## INFORMATION SHOWN
===============

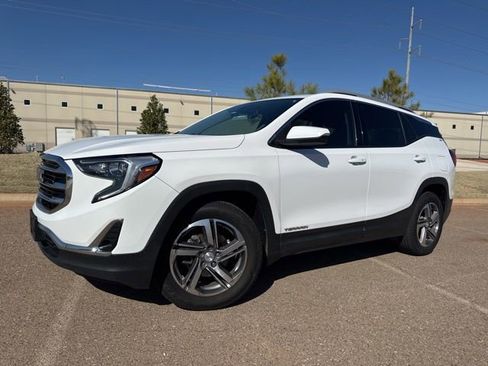 Used 2021 GMC Terrain SLT image 1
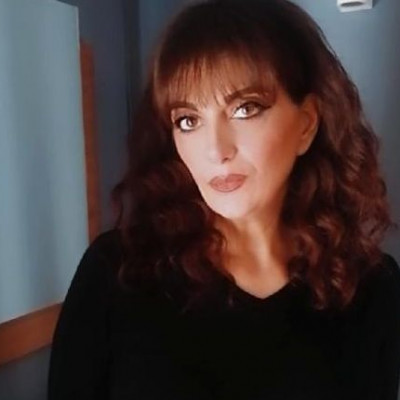 Βαρβάρα Τάτσιου: «Ό,τι γίνεται σε μία σειρά είναι αποτέλεσμα ομαδικής δουλειάς, ακόμα & το μακιγιάζ»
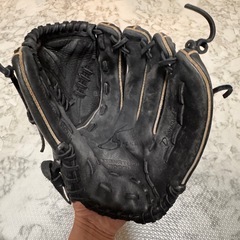 NIKE ダルビッシュモデル 一般軟式投手用 グローブの画像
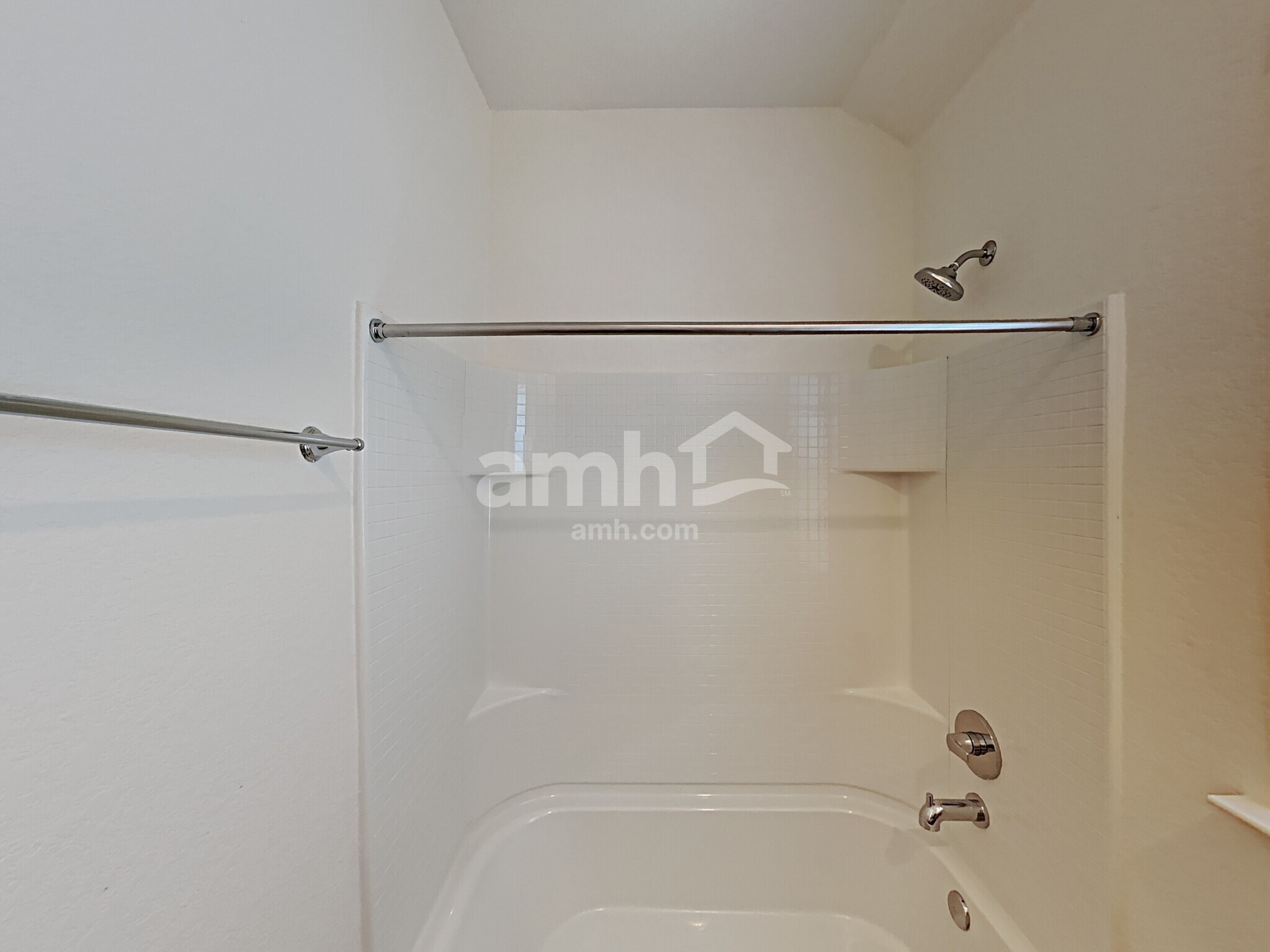 Building Photo - 2709 Wolfcreek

===============

## YOUR INSTRUCTIONS
The listing is to be repeated word for word, with all pictures omitted.

## TASK ANSWER
 Used 2021 GMC Terrain SLT image 1
 Βαρβάρα Τάτσιου: «Ό,τι γίνεται σε μία σειρά είναι αποτέλεσμα ομαδικής δουλειάς, ακόμα & το μακιγιάζ»
 NIKE ダルビッシュモデル 一般軟式投手用 グローブの画像
 Building Photo - 2709 Wolfcreek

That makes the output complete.